Items from a data source
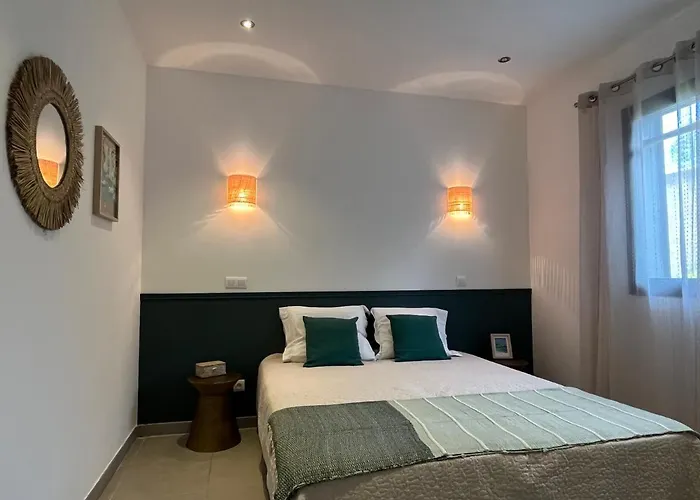 Storia Di Blue Apartmán *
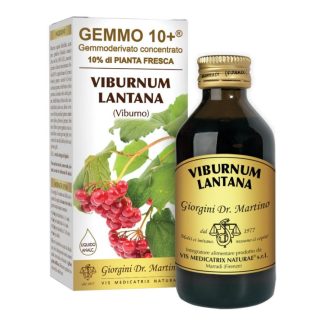 VIBURNO LIQ ANALCOLICO 100ML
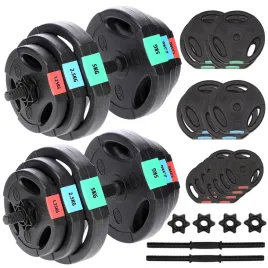 hantle-regulowane-2x20kg-kompozytowe-40kg-bitumiczne-zestaw-2szt-hms-sg40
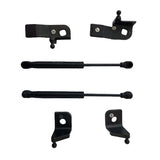 EZDown Motorhaubenlift VW Amarok V6 (2016-2022)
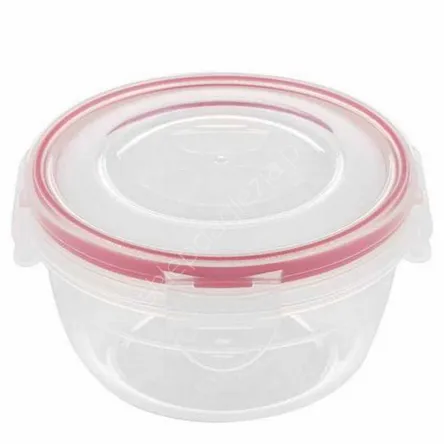 Pojemnik Fresh Box okrągły 0,25ml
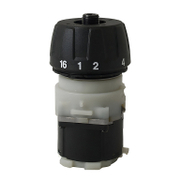 Редуктор Makita за винтоверт  6207D, 6317D, 6337D, 6347D, 6217D - product - MKT6051753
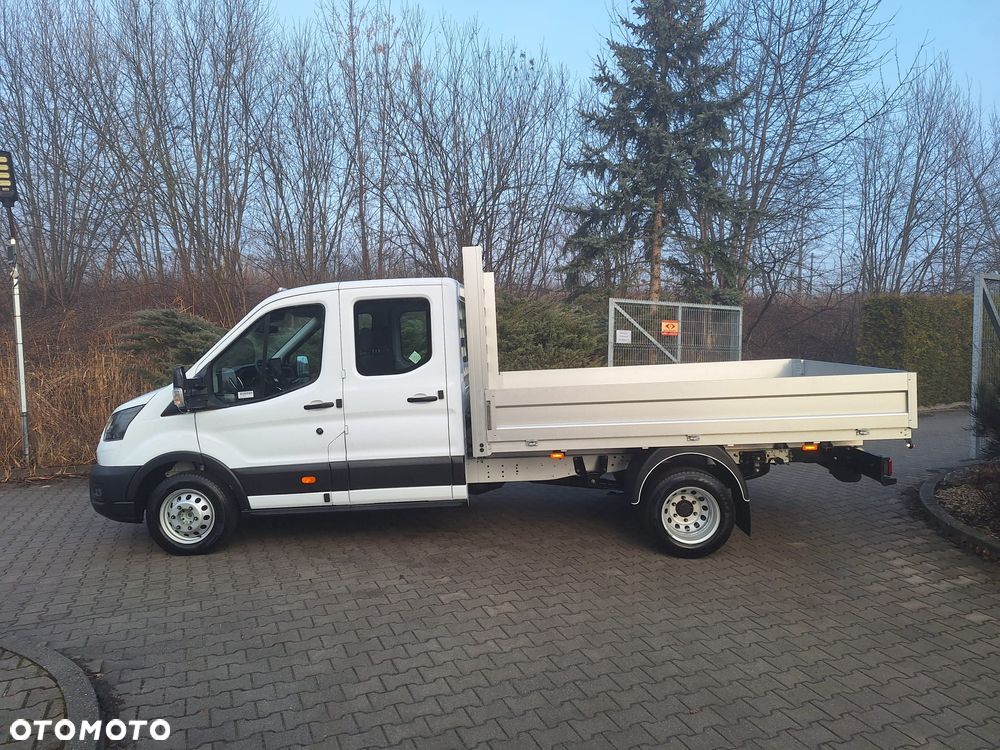 Ford Transit - 5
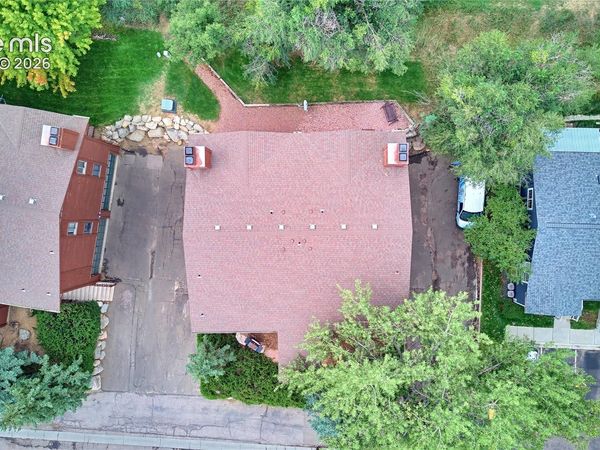 2526 Plumtree Grove, Colorado Springs, CO 80907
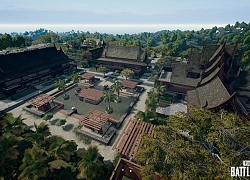 PUBG: Biến Erangel thành phiên bản phóng to của Sanhok, Bluehole bị game thủ phản ứng dữ dội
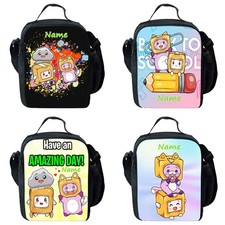 Lanky Box Personalised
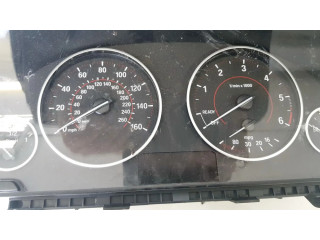 Přístrojová deska BMW 1 F20 F21 2012 17649411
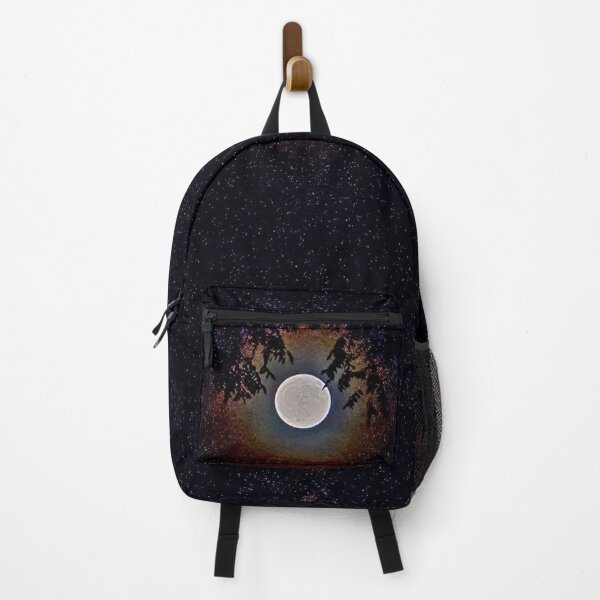 Item preview, "Full Moon" designed and sold by Robert Regenold's Art Shop.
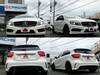 MERCEDES BENZ A180
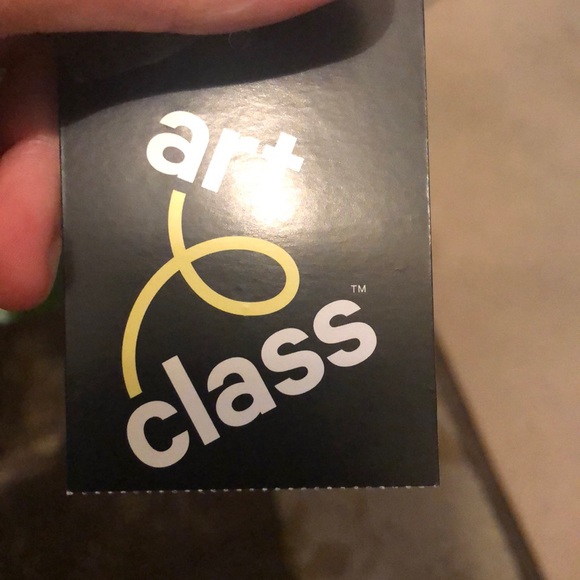 Leather jacket - Picture 2 of 3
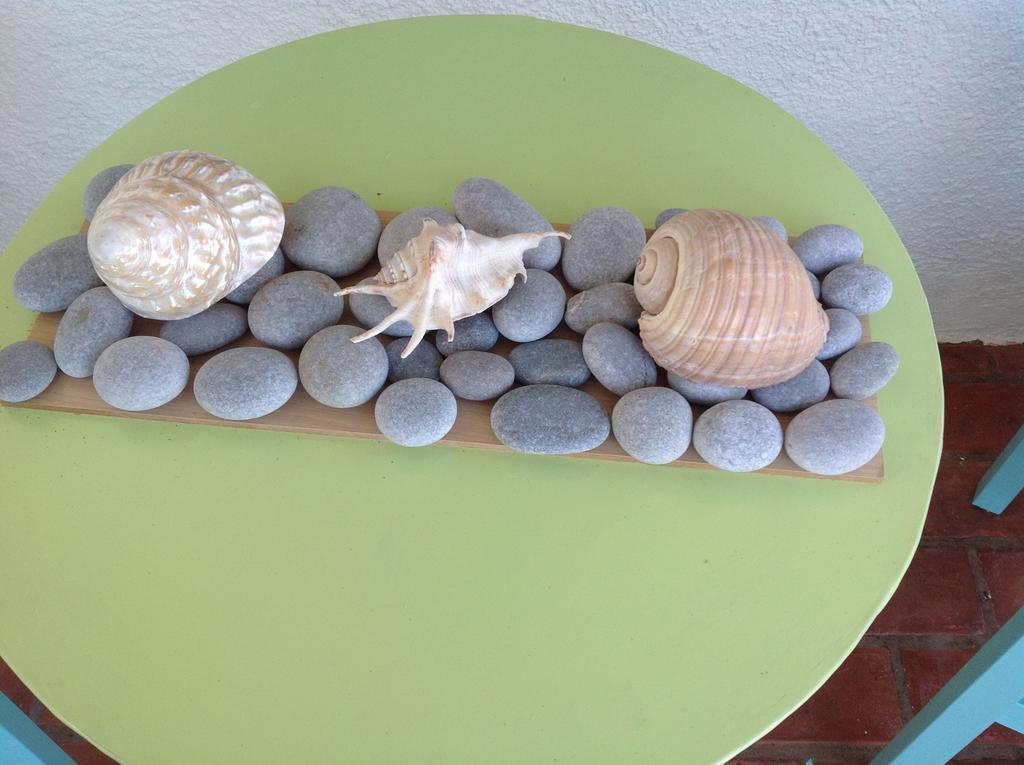 Elounda Relax Apartment Bagian luar foto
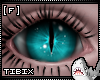[F] Reptile Eyes Hyra
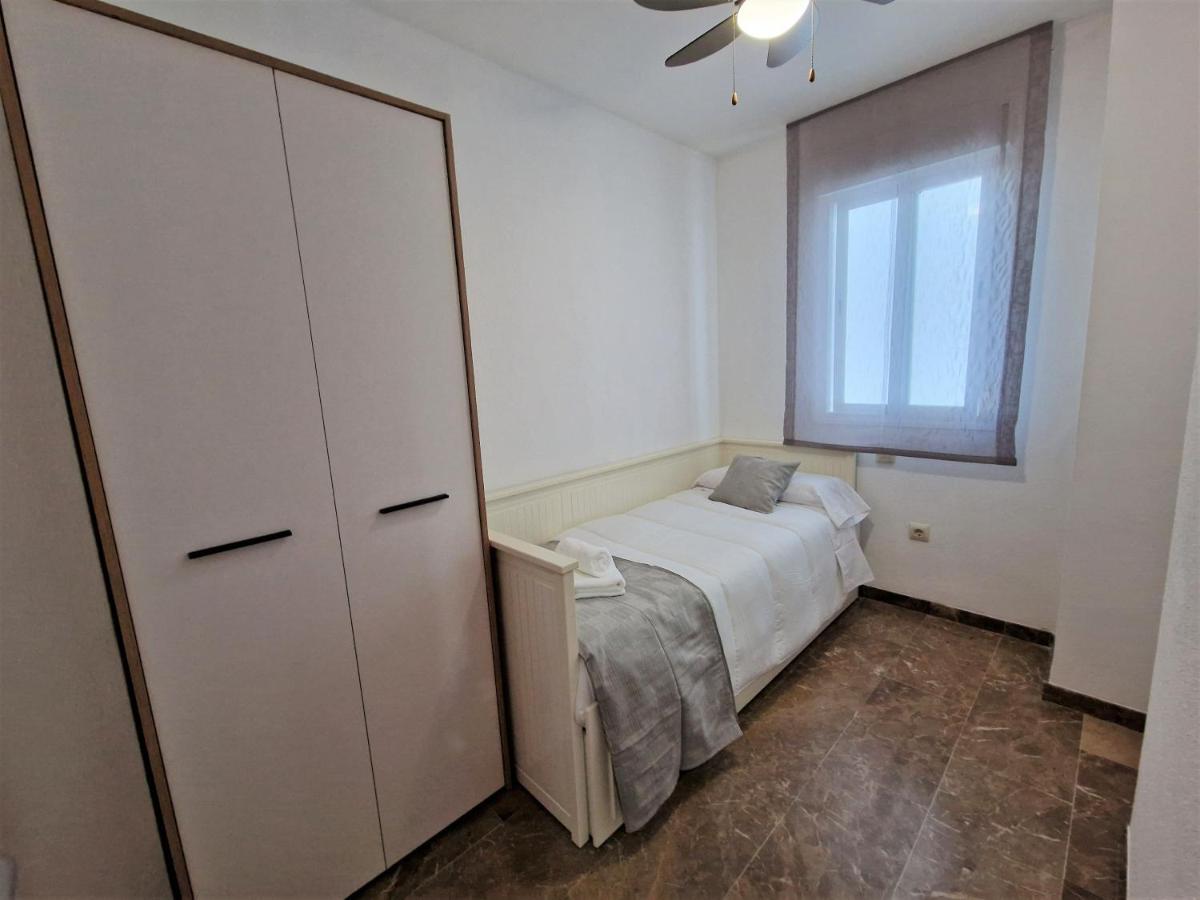 コルドバDs Duplex Acera Del Rio, Parking Opcionalアパートメント エクステリア 写真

### What you need to do
What must be output is the exact run of lines from the one holding "PUBG: Biến Erangel" through the end of the entries above, both ends included, minus the pictures.

### Written response
 PUBG: Biến Erangel thành phiên bản phóng to của Sanhok, Bluehole bị game thủ phản ứng dữ dội
 Lanky Box Personalised
 Přístrojová deska BMW 1 F20 F21 2012 17649411
 Item preview, "Full Moon" designed and sold by Robert Regenold's Art Shop.
 MERCEDES BENZ A180
 Leather jacket - Picture 2 of 3
 Elounda Relax Apartment Bagian luar foto
[F] Reptile Eyes Hyra
 コルドバDs Duplex Acera Del Rio, Parking Opcionalアパートメント エクステリア 写真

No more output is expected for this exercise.